[Records contained in a dataset]
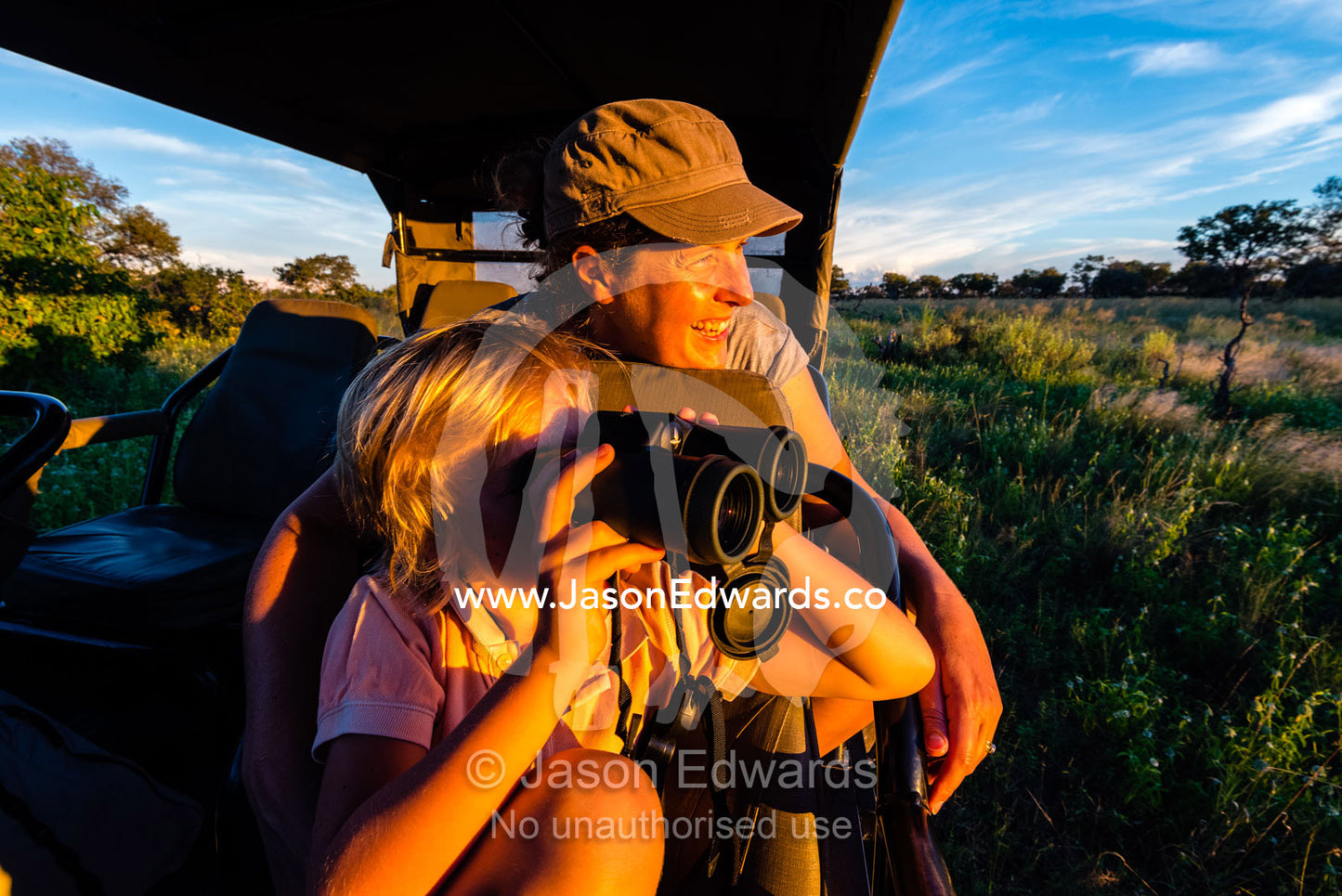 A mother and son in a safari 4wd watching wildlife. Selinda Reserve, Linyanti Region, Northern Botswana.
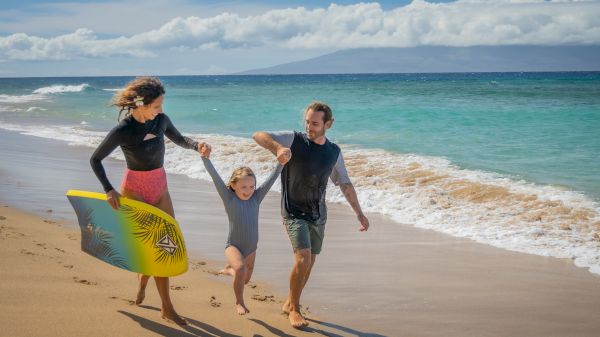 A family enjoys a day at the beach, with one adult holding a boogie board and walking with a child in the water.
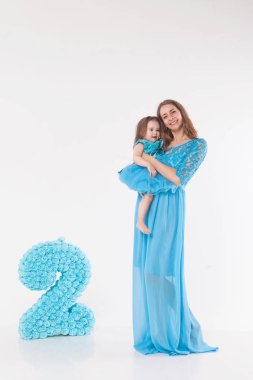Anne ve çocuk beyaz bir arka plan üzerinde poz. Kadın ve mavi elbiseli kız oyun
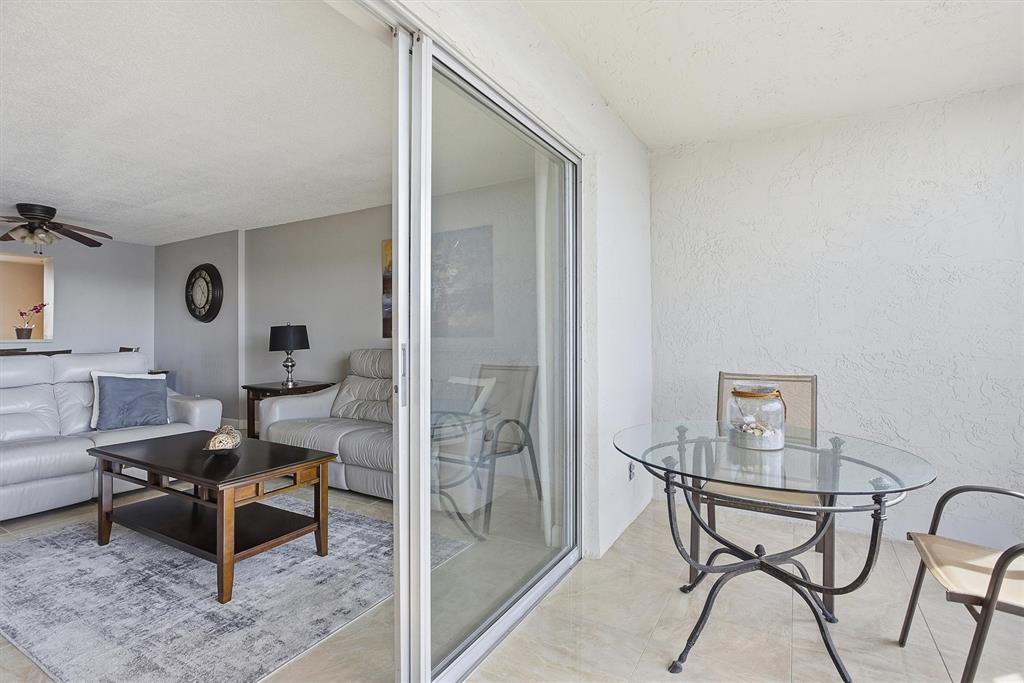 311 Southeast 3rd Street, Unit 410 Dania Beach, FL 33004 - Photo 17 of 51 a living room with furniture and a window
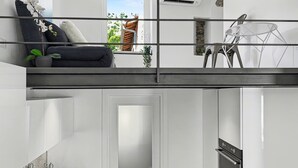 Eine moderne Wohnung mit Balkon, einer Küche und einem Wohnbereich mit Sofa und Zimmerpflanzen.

### TO DO
I would like you to set down the lines above, from the one containing "A family enjoys" to the final line, exactly as written and without pictures.

### EXERCISE SOLUTION
 A family enjoys a day at the beach, with one adult holding a boogie board and walking with a child in the water.
Anne ve çocuk beyaz bir arka plan üzerinde poz. Kadın ve mavi elbiseli kız oyun
 311 Southeast 3rd Street, Unit 410 Dania Beach, FL 33004 - Photo 17 of 51 a living room with furniture and a window
 Eine moderne Wohnung mit Balkon, einer Küche und einem Wohnbereich mit Sofa und Zimmerpflanzen.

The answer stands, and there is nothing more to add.